HAT-P-11 はスペクトル型が中期 K 型の恒星であり,惑星を 1 つ持っていることが分かっている.この惑星 HAT-P-11b は,太陽系外で初めて発見された海王星サイズの惑星のひとつである.

HAT-P-11b の軌道の公転軸は,恒星の自転軸とずれていることが分かっている.太陽より軽い恒星を公転する惑星のうち,公転軸と自転軸がずれている数少ない例のひとつである.

ここでは,10 年に渡る Keck/HIRES での精密な視線速度測定によって,この系に 2 つ目の惑星が発見されたことを報告する.
今回発見された HAT-P-11c は,最小質量が 1.6 木星質量と木星に近く,軌道周期も 9.3 年と同じく木星に近い.しかし軌道離心率はずっと大きく,0.60 程度である.

視線速度と恒星活動の共同解析から,恒星活動によって誘起される視線速度シグナルの振幅は 7 m/s 程度であり,これはその他の活発な K 型矮星と整合的な値である,しかしこの振幅は,HAT-P-11c の公転による視線速度変動の振幅 31 m/s よりはずっと小さい.


HAT-P-11b と HAT-P-11c との力学的な結合についても調査を行った.HAT-P-11c の存在によって,HAT-P-11b のずれた軌道を説明できる可能性があるためである.

その結果,この系での惑星間の Kozai 相互作用は,HAT-P-11b の軌道を観測されている値にまで傾けることが出来ないことを見出した.これは,一般相対論的な歳差が影響している.しかし,数百万年程度のタイムスケールで起きる交点の歳差運動は,高い傾斜角を説明するメカニズムとして有り得る.この場合,HAT-P-11c はなぜこのような傾いた軌道を持つに至ったのかという新たな疑問を生む.

この系は太陽系から 38 pc と近い距離にあるため,アストロメトリと直接撮像観測での系外惑星のさらなる特徴付けの対象として適している.

HAT-P-11 系について

HAT-P-11b の発見

HAT-P-11b は軌道周期が 4.88 日であり,23.4 地球質量,4.36 地球半径の惑星である.この惑星は最初に Bakos et al. (2010) によって地上からの測光観測で検出され,視線速度測定で惑星と確認,さらに質量と離心率への制約が与えられた.この惑星の軌道離心率は 0.198 と,やや大きな値を持つ.これはこの系が力学的に熱い事を示す初めの手掛かりである.
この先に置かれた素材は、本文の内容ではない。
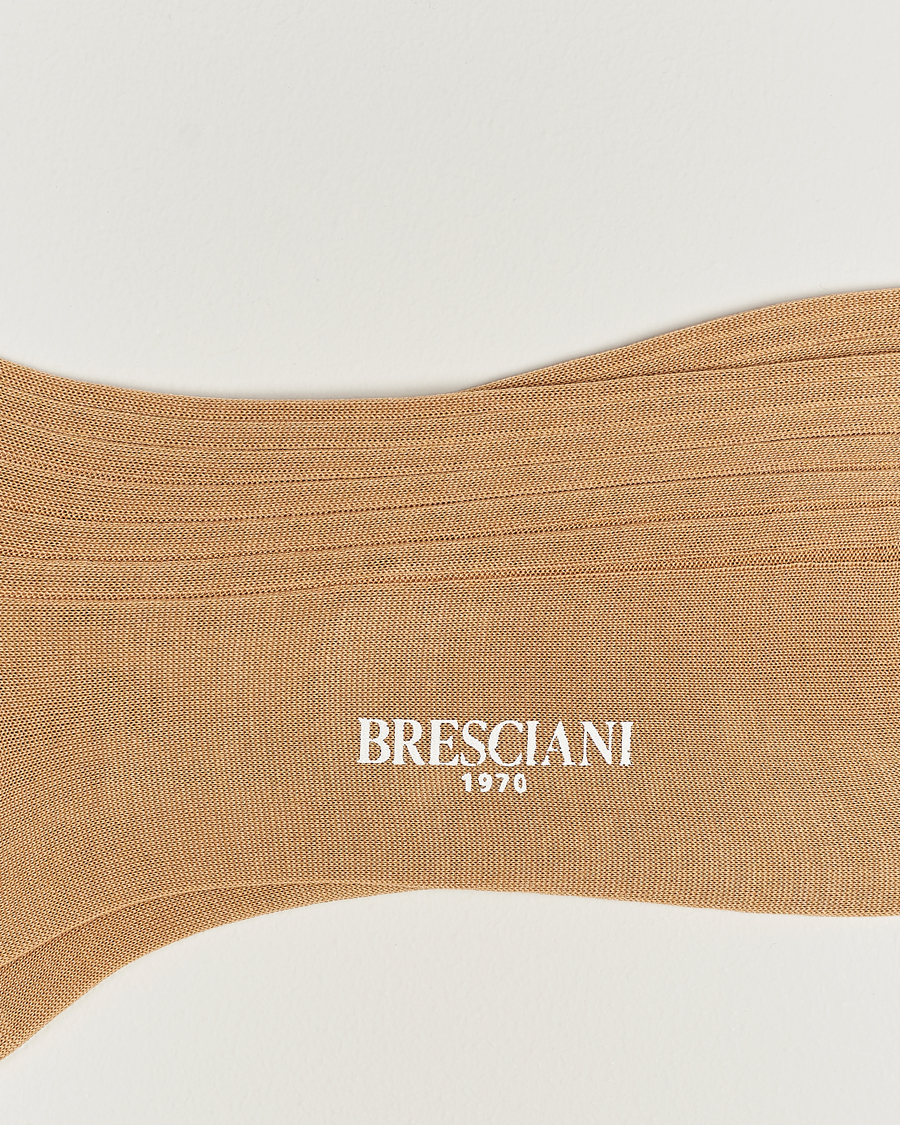 Men | Underwear & Socks | Bresciani | Cotton Ribbed Short Socks Light Khaki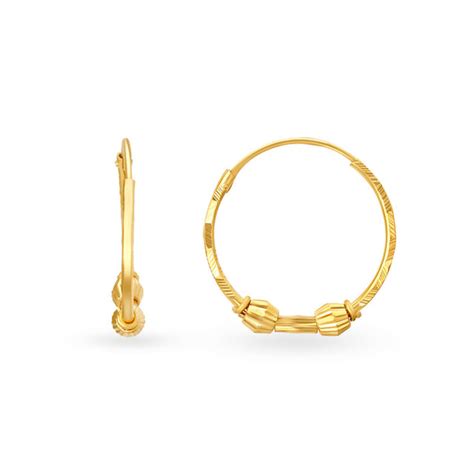 Shimmering Gold Hoop Bali Earrings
HAT-P-11b が発見された段階では,この惑星は地上からのトランジット測光観測で発見された中では最も小さい惑星のうちのひとつであった.

Spin-orbit angle のずれの検出

その後この惑星は,ケプラーの主ミッション期間にトランジットが観測された.

Deming et al. (2011) と Sanchis-Ojeda &Winn (2011) のケプラーのデータ解析では,惑星のトランジットの途中で恒星に存在する黒点を横断している事によるアノマリーが検出された.これらの解析結果は,恒星表面の活動的な緯度 2 箇所 (赤道を挟んだ 2 領域) を,ほぼ極軌道で公転しているというモデルと整合的なものであった.

HAT-P-11b が極軌道で公転しているという結果は,後の 2 つの独立した視線速度観測である Winn et al. (2010) と Hirano et al. (2011) の結果とも整合している.これら 2 つでは,ロシター効果を用いて惑星公転軸の傾斜が 100° 程度と測定されている.

さらに,ケプラーでの測光観測結果から,HAT-P-11b の二次食 (secondary eclipse) と思われる兆候も検出されている (Huber et al. 2017).

パラメータ

HAT-P-11
半径:0.683 太陽半径
質量:0.809 太陽質量
有効温度:4780 K
金属量:[Fe/H] = 0.31
自転周期:29.2 日
年齢:65 億歳
距離:37.89 pc
HAT-P-11b
軌道周期:4.887802443 日
軌道離心率:0.218
質量:23.4 地球質量
軌道長半径:0.05254 AU
質量:4.36 地球質量
HAT-P-11c
軌道周期:3407 日
軌道離心率:0.601
最小質量:507 地球質量
軌道長半径:4.13 AU

HAT-P-11 系の特殊性

恒星の自転軸と惑星の公転軸が成す角度 (spin-orbit angle) が測定されている惑星系の中で,HAT-P-11 系は外れた存在である.この系は,spin-orbit angle が揃っていない惑星系の中では,最も小さい (恒星質量が小さい) もののひとつである.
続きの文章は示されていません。